KANSAS CITY, Mo. – Timothy A. Garrison, United States Attorney for the Western District of Missouri, announced today that former owners of a local construction company, Patriot Company, Inc., have pleaded guilty in federal court to their roles in a “rent-a-vet” scheme to fraudulently obtain more than $13.8 million in federal contracts.
Jeffrey K. Wilson, 53, of the Village of Loch Lloyd in Belton, Mo., pleaded guilty today before U.S. District judge Howard F. Sachs to one count of government program fraud.

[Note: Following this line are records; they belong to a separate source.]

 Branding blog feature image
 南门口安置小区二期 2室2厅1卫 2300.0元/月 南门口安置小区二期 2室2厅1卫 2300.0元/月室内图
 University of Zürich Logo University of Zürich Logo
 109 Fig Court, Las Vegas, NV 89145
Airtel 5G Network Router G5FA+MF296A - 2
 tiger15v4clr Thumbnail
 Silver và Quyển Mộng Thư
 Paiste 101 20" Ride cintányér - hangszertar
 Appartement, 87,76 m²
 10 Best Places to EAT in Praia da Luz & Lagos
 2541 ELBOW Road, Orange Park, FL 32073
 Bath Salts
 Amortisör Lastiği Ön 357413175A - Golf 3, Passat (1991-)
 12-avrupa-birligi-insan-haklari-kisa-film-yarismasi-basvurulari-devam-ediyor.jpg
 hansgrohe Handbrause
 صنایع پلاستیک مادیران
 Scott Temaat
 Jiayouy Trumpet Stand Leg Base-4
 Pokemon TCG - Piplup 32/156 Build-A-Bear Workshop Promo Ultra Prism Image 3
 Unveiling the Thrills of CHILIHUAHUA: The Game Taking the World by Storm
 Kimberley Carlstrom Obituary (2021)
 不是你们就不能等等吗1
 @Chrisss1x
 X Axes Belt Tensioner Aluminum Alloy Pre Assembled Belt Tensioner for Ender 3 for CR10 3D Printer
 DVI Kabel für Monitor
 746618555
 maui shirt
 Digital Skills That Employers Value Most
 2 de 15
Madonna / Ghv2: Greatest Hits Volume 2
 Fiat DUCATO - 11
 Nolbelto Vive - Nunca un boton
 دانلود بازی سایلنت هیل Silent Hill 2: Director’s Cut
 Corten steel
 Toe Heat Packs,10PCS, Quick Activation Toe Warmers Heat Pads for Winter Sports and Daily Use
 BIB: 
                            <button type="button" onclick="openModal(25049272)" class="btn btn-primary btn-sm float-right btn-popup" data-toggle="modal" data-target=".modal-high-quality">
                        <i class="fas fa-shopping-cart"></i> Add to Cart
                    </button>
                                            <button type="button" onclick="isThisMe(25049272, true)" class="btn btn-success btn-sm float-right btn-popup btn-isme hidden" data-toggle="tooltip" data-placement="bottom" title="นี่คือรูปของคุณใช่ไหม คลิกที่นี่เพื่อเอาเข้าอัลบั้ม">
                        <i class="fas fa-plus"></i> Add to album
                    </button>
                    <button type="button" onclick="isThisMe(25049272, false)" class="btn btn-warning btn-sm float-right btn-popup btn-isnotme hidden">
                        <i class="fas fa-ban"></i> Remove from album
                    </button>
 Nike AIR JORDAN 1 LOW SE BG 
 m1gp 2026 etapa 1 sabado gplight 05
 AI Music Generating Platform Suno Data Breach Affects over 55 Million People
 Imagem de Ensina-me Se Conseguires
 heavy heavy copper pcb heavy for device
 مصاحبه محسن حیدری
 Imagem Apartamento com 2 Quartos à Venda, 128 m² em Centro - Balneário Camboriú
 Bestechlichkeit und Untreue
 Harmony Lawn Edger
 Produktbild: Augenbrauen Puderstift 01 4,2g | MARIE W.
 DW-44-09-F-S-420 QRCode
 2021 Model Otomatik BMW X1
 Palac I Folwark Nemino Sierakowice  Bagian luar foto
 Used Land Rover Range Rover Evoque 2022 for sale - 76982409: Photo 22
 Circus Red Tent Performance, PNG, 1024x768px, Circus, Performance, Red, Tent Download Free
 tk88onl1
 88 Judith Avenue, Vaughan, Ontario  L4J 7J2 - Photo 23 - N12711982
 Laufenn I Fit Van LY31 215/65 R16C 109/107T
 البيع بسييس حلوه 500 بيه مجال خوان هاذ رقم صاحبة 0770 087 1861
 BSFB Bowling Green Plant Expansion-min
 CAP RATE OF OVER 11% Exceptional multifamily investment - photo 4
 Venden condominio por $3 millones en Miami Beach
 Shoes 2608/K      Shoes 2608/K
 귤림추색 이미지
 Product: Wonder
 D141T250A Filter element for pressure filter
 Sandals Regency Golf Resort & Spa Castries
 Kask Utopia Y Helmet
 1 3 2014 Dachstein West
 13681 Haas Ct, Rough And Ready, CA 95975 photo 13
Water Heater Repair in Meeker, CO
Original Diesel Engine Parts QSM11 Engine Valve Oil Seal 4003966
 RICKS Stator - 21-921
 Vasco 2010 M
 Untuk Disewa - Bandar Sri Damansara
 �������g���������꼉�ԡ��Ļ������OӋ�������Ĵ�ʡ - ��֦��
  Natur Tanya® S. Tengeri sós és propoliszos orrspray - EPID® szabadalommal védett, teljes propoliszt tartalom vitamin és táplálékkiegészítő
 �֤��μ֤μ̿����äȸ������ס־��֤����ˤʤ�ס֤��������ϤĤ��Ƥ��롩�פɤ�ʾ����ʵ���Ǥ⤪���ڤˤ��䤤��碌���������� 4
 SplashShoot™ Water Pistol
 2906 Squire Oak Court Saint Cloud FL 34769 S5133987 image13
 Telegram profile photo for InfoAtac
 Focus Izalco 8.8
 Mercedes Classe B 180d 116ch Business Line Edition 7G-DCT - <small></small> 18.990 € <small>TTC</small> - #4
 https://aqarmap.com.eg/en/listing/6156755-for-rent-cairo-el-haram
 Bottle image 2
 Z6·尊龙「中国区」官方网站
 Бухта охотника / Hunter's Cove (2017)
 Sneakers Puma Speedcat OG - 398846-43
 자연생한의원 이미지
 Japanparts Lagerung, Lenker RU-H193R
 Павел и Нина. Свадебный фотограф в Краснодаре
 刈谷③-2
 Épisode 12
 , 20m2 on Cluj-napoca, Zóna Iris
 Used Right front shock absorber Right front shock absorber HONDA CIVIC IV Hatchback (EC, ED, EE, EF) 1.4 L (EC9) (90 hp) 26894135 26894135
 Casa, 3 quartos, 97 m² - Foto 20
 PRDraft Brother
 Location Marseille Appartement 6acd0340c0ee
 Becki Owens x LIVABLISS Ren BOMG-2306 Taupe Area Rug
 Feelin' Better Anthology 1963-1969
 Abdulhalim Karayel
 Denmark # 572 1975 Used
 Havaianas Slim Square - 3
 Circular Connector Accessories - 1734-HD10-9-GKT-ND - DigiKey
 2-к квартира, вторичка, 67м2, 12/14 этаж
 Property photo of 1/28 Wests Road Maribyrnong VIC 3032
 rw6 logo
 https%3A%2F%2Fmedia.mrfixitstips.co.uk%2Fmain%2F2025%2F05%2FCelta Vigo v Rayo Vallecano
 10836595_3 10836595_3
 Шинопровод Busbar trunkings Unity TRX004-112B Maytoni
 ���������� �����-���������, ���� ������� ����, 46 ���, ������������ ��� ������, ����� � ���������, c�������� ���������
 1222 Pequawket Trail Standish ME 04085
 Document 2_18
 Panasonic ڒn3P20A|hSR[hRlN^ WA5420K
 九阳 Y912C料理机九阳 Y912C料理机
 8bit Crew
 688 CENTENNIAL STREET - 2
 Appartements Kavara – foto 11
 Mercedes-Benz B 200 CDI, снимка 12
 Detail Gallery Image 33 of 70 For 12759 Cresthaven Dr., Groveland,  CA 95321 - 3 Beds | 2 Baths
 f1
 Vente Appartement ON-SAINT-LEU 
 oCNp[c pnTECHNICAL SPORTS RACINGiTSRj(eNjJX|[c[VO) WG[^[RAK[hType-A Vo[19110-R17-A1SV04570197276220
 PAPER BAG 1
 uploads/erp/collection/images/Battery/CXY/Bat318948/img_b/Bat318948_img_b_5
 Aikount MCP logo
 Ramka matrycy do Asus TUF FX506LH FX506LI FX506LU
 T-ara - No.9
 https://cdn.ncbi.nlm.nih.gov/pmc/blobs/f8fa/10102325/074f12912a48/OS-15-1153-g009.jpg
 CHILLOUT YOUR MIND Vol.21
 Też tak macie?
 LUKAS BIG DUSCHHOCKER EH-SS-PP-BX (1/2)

Paul R. Salavitch, 57, of Kansas City, Mo., pleaded guilty on Tuesday, Jan. 30, 2018, to a misdemeanor charge of making a false writing.
Wilson, who is not a veteran, managed the day-to-day operations and the long-term decision making of Patriot Company from May 2005 to January 2014. Salavitch is a service-disabled veteran who falsely certified that he was involved in the day-to-day operations of Patriot Company. Salavitch’s purported active management qualified Patriot Company to obtain set-aside contracts to which it was not entitled.
Wilson admitted he used Salavitch’s veteran and service-disabled veteran status in a “rent-a-vet” scheme to obtain 20 government contracts for which Patriot Company received more than $13.8 million. As a result of the fraud scheme, legitimate veteran-owned-and-run businesses were not awarded these contracts.
Wilson’s plea agreement cites 20 contracts with the U.S. Department of Veterans Affairs and the U.S. Army, totaling $13,819,522, which were fraudulently obtained by Wilson, Salavitch and Patriot Company. The contracts, which ranged as high as $4.3 million, included construction projects in Missouri, South Dakota, Texas, Nebraska Oklahoma, Michigan, Indiana, Tennessee, Iowa, Illinois and North Dakota.
In September 2013, the Veterans Administration conducted an unannounced site visit of Patriot Company. The site inspector discovered that Salavitch was working 40 miles away at his full-time job as a federal employee with the Department of Defense in Leavenworth, Kan. In November 2013, Salavitch falsely certified to the Missouri Division of Purchasing and Materials Management that Patriot Company was a legitimate service-disabled veteran-owned small business when he knew it was not because he did not actively run the company. In December 2013, the Veterans Administration de-certified Patriot Company.
Under the terms of today’s plea agreement, Wilson is subject to a sentence of up to 18 months in federal prison without parole. Salavitch is subject to a sentence of up to one year in federal prison without parole. Wilson and Salavitch must also consent to the federal civil forfeiture of approximately $2.1 million. Sentencing hearings will be scheduled after the completion of presentence investigations by the United States Probation Office.
This case is being prosecuted by Assistant U.S. Attorneys Jane Pansing Brown, Stacey Perkins Rock and Curt Bohling. It was investigated by the Department of Veterans Affairs – Office of Inspector General – Criminal Investigation Division and the General Services Administration – Office of Inspector General.